Since writing the above I find that they will kill each other's young, and this, with the curious habit of leaving them behind, makes it necessary that each pair, when breeding, should have a run of their own, and be able to make it warm for all intruders. When the little ones are alarmed they pipe out a penetrating call for assistance, and then the old ones appear as if by magic. Perhaps that is why the cunning rat did not eat them—he feared that shrill call and its consequences. When our chickens were about seven weeks old the mother handed them over to the father and took no more care of them, but went up on the hill behind the house, built another nest, and had three eggs in it partly hatched on the 28th October. I took one of them to get the embryo for Dr. Parker, intending to take the others at different stages if I am at home. At this rate every gardener could breed as many as he wanted.

They can swim and dive well to escape, but I never saw them in the water except on business. It is wonderful how they can dispose of food, for they seem to be never beaten either by quality or quantity. A few minutes after a feast they are as hungry as ever, and they get rolling fat very quickly.

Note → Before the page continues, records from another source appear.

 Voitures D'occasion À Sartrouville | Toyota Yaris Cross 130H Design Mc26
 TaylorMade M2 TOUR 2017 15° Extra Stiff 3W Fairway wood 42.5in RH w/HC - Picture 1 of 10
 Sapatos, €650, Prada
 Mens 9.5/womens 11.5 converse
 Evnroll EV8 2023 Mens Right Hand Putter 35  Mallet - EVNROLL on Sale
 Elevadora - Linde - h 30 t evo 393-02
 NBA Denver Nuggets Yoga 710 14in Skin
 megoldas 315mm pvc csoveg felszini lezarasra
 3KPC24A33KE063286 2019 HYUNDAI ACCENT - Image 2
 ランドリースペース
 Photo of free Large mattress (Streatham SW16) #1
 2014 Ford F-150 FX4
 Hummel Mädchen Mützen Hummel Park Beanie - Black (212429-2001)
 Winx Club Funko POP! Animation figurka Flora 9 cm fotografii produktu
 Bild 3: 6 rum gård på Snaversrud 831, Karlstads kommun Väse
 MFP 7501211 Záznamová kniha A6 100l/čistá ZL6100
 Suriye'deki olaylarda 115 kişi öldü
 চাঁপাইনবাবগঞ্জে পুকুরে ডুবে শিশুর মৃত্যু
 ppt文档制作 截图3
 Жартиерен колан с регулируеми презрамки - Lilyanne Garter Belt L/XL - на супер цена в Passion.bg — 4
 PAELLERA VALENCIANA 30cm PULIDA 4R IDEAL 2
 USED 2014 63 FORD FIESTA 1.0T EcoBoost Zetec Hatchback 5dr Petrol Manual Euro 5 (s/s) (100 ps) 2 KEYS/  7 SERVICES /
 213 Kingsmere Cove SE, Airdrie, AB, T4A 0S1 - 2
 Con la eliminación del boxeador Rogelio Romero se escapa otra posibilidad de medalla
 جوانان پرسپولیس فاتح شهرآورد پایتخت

Our weka looks after his two big chickens during the day, bags food for them or hunts it up on the beach, and apparently gives them everything he gets. Sometimes he gives them a wigging and chases them away—for schooling, I suppose—yet he fights for them and has many a lively run hunting away intruders, who sometimes chase them and make them scream for assistance. Then he snorts and coughs, and his eyes glare with indignation as he rushes about looking for the offender, who is often sly enough to flip round a corner and make a bee-line out of dangerous ground.

At the end of October this is his usual day's work until some time in the afternoon, when he goes up the hill to the nest where his mate is hatching, takes her place, and lets her come out for food. If we see her we give her plenty, but she is in no hurry returning, evidently confident that the eggs are safe in his keeping until she has had her outing at leisure.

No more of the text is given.